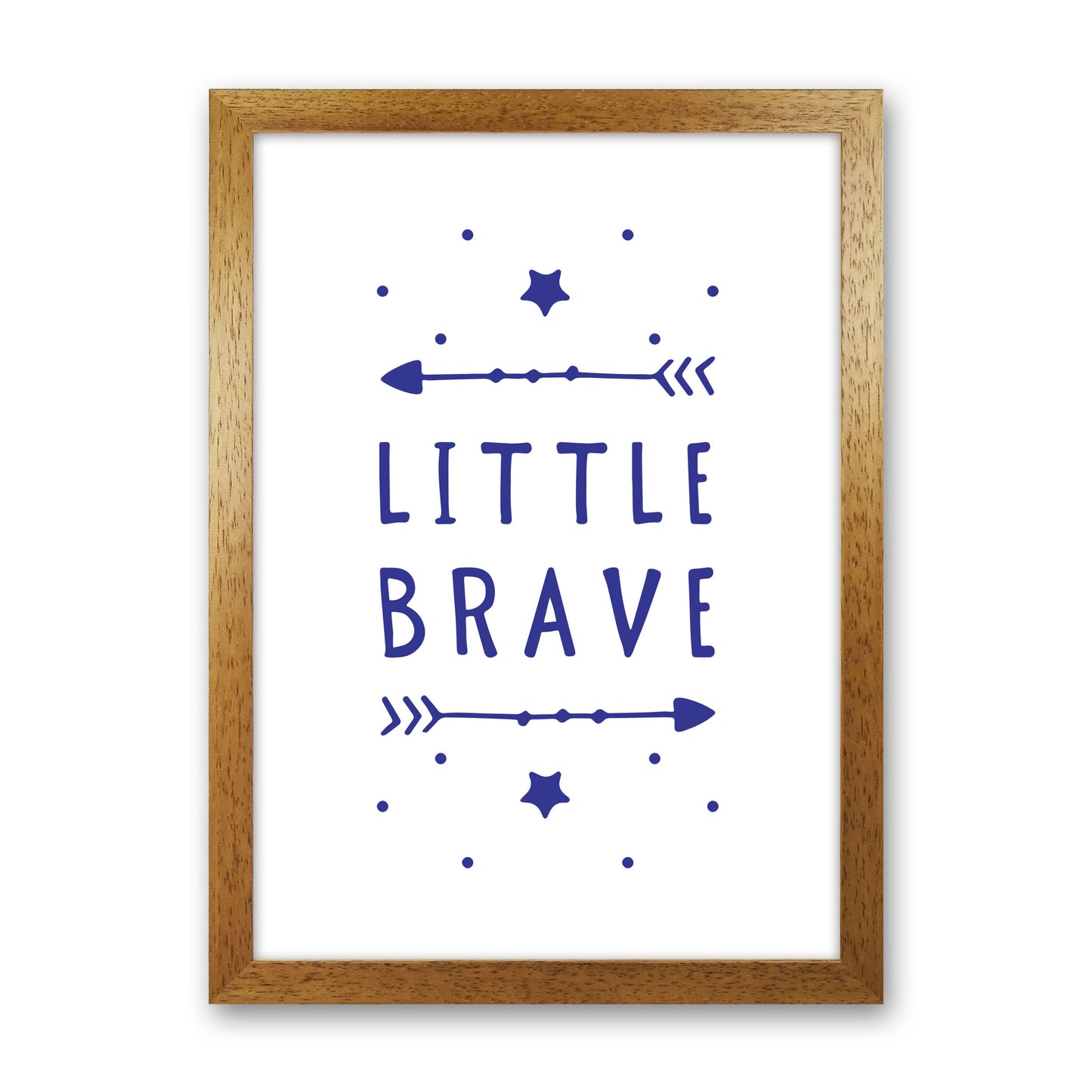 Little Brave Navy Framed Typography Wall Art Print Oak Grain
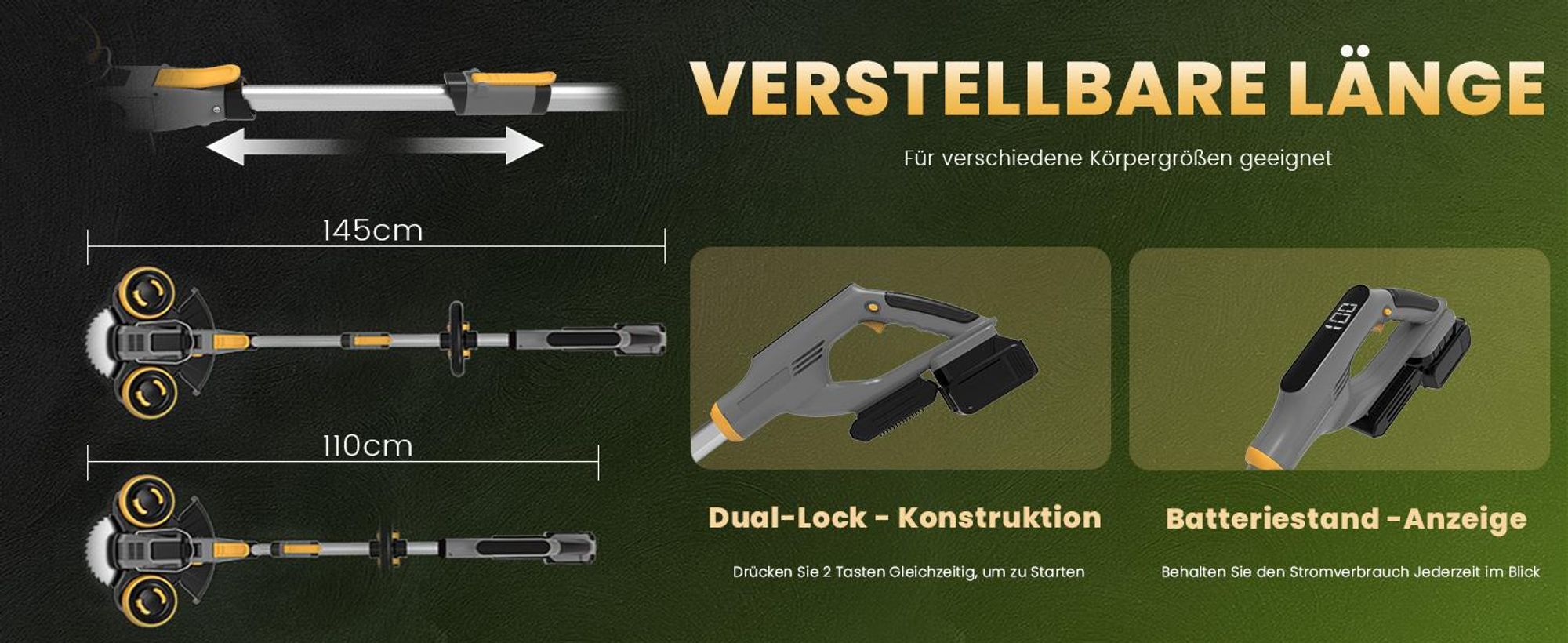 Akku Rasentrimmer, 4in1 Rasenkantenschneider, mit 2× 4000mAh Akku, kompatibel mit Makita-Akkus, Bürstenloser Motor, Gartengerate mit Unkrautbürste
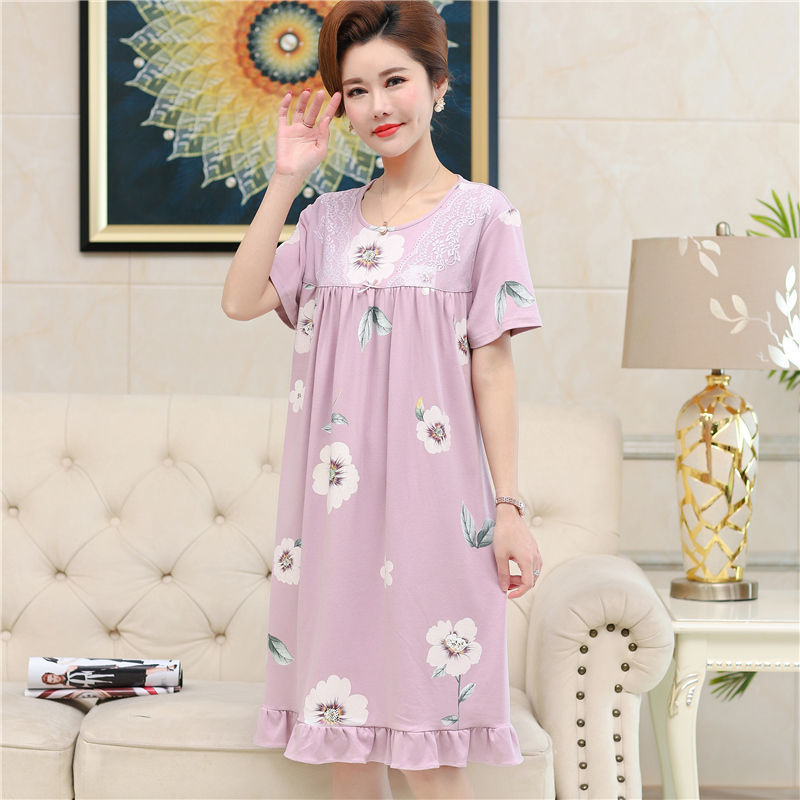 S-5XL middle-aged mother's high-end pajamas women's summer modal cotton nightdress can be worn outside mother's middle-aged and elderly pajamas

══════

→ Exercise:
Copy all of the material word for word, and include none of its pictures.

→ Written answer:
 Little Brave Navy Framed Typography Wall Art Print Oak Grain
 Akku Rasentrimmer, 4in1 Rasenkantenschneider, mit 2× 4000mAh Akku, kompatibel mit Makita-Akkus, Bürstenloser Motor, Gartengerate mit Unkrautbürste
 S-5XL middle-aged mother's high-end pajamas women's summer modal cotton nightdress can be worn outside mother's middle-aged and elderly pajamas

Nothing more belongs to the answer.